Jeune, il était, comme disent les
« spécialistes », promu à un « bel avenir ».
Les conditions ne manquaient pas pour lui permettre d’aller
facilement vers le haut de l’« échelle sociale ».
Mais lui, a préféré ne pas tenir compte de cette
« échelle » …
Il n’a pas cherché à « faire carrière », à
occuper un « poste important » …
Il a voulu faire de son mieux dans un système de valeurs AUTRE.
Beaucoup de personnes n’ont pas compris et ne comprennent
pas …
C’est ainsi …
Est-ce que l’aveugle est comme celui qui voit ?
Comment montrer que la cécité atteint les cœurs ?
Comment partager la lumière du discernement ?

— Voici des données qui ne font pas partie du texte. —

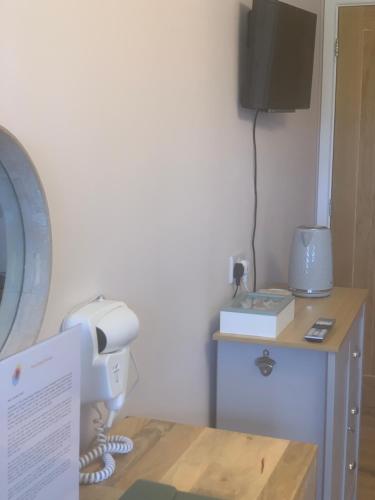 a room with a desk with a phone and a television at The Living Energy Holidays in Velindre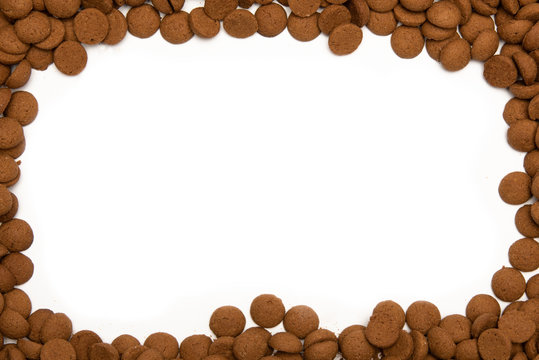Border Dutch Candy Pepernoten On White Background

Aujourd’hui, son parcours continue dans une autre fonction
dite d’éducateur.
Il agit en détention auprès des mineurs délinquants
incarcérés.
Avant cette fonction, il essayait déjà, à partir du thème
de l’autorité dans l’éducation, de comprendre pourquoi en France,
l’écrasante majorité des mineurs concernés par des décisions judiciaires,
sont originaires d’Afrique.[1]
Les éléments de réponse auxquels il a abouti, se trouvent
renforcés par son action auprès des mineurs délinquants incarcérés …
L’autorité est au centre de l’éducation.
Traiter des processus de l’éducation, c’est se trouver
confronté à l’exercice et aux formes de l’autorité.
Il y a une relation étroite, un lien fort entre les deux.
L’autorité est au carrefour de plusieurs disciplines.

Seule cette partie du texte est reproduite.